Artificial Intelligence (AI) is a prominent talking point in academia due to fear surrounding its data collecting methods, human-like writing functions, and the area of opportunity it opens for misuse. When individuals and instructors see “AI”, the tool ChatGPT comes to mind, as it is arguably one of the most popular generative AI programs. However, an issue arises when individuals simply equate AI to ChatGPT, as it creates a narrow scope and understanding of the facets and use of AI itself to only the generative AI subset. This dismisses multiple other branches of AI and creates misunderstandings about AI use.

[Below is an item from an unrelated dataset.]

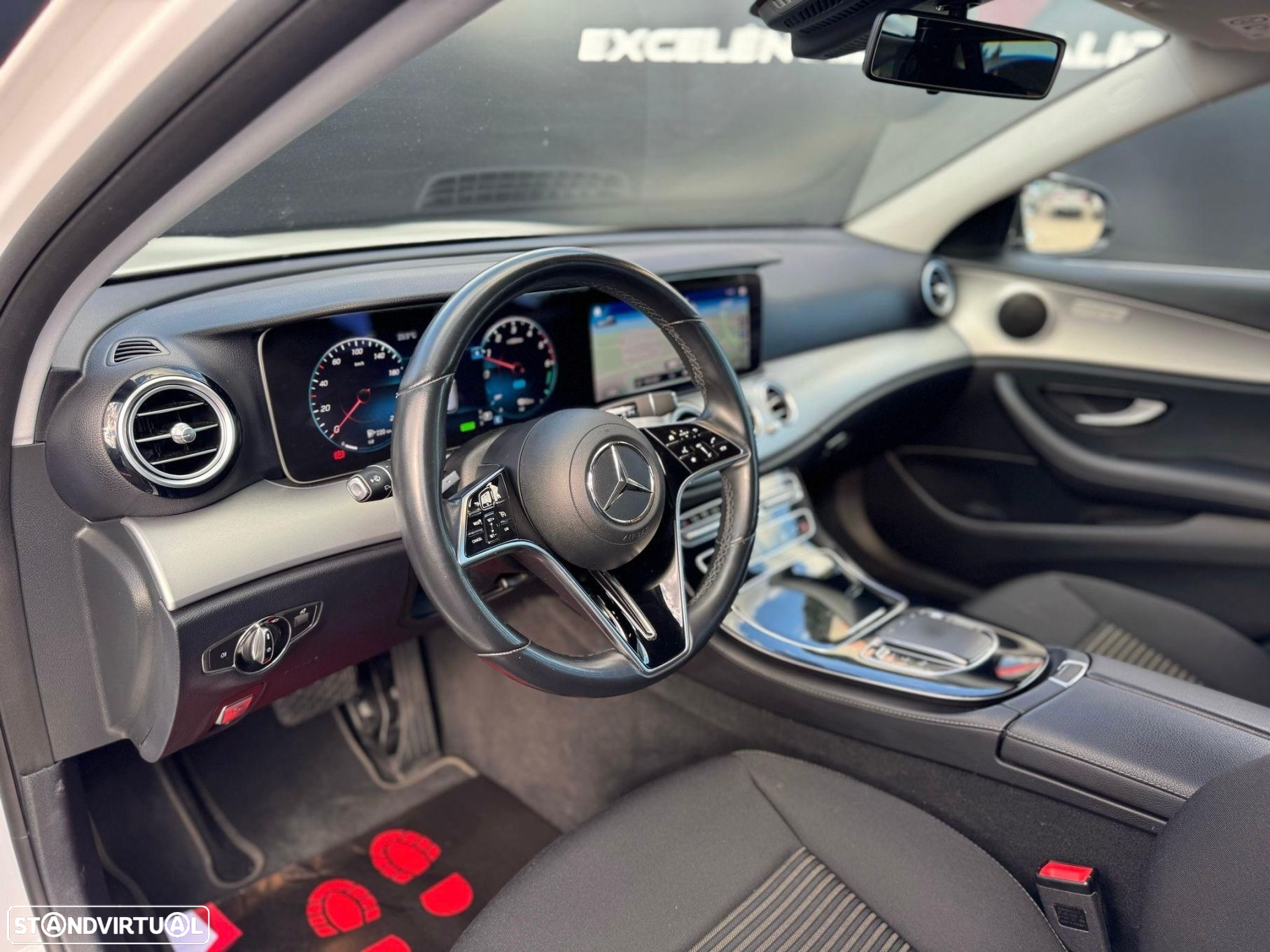 Mercedes-Benz E 300 de Avantgarde - 9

So, just what is AI? Artificial Intelligence, or AI, is the use of computer systems that are programmed and made capable of performing and operating tasks that require human intelligence. It encompasses various facets and is heavily dependent on large amounts of data for training and application. AI is commonly equated to a popular generative AI tool: ChatGPT. This is due to the demand and fascination with generative AI, a type of AI that is able to create “new” content based on user prompts, input, and data. However, generative AI is merely a single branch of the larger AI tree, and there is much more that AI offers. In an effort to increase awareness of AI’s capabilities and encourage individuals to harness its operations as a tool. This complicated subject can be explained by looking at the six main branches of AI and how each is applied and used.

1. Deep Learning

This branch relies on multilayered “deep” artificial neural networks to function, involving large sets of data to train it through a process of classification. It relies on a three-component system: input layer, hidden layer, and output layer. When a piece of data or an object is input into the machine, it is processed through these network layers that compute mathematical functions to determine an output or solution. Deep learning functions similarly to the human brain when data is processed, as it mimics the way that humans read data, based on pattern recognition. It “allow[s] a computer system to ‘learn’ from experience, rather than rely wholly on pre-programmed knowledge” ¹ and automates tasks that typically require human assistance or intelligence.

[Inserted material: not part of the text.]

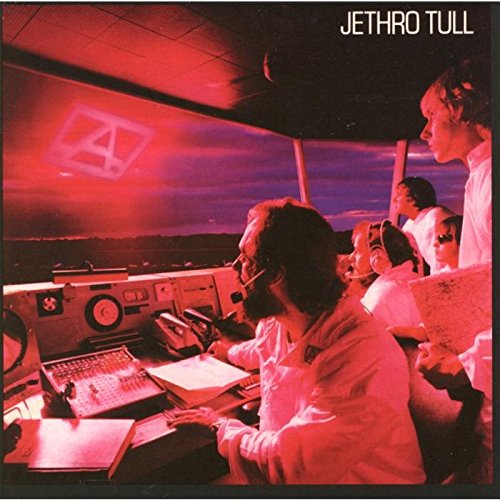 Jethro Tull - A Slipstream (Remastered)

Even though deep learning is a critical component of many emerging technologies, it isn’t a fundamentally new form of artificial intelligence. Several common use cases are found in everyday products such as virtual assistants, voice-activated searches, translation tools, automatic facial recognition. This component of AI continues to be used in many fields such as business, science, and engineering to develop efficient processing of data and improve automation of applications, such as the detection in self-driving cars and heavy-duty factory machines that are able to detect people or objects and stop.

The introduction of the subset generative adversarial networks (GANs) led to a change in the approach to deep learning. GANs are the basis for generative AI, an unsupervised learning algorithm that generates new data based on input and large amounts of data. Drawing from this knowledge, the technology is able to produce a variety of content including graphics, audio, video, and text.

2. Expert Systems

Operating on the aspects of reasoning and knowledge to help solve problems, this interactive branch of AI relies on user input to produce solutions and feedback. Expert systems are a part of AI designed to help solve complex issues by drawing from knowledge stored in its knowledge base. When a user inputs data into the system, it goes through a rules engine that contains data placed in the knowledge base from an expert. From there, the data circulates through the rules engine again and back to the user to produce advice or a solution. This system is only as capable as its designer and the experts who input information into its knowledge base. There are four elements encompassed by this system: knowledge base, rules set, inference engine, and user interface.²

Knowledge base defines all the facts that the system has about a specific subject. It draws its knowledge from informational systems such as experts and databases, using this information to influence the result produced for the user. Rule sets, or rules engines, are the set of rules that guide how information is evaluated and the approach used to answer user input data. The inference engine relies on the knowledge base and rule sets to interpret and evaluate information and determine what facts to relay to the user. The user interface is simply the interactive segment where the user is able to input and receive data from the machine.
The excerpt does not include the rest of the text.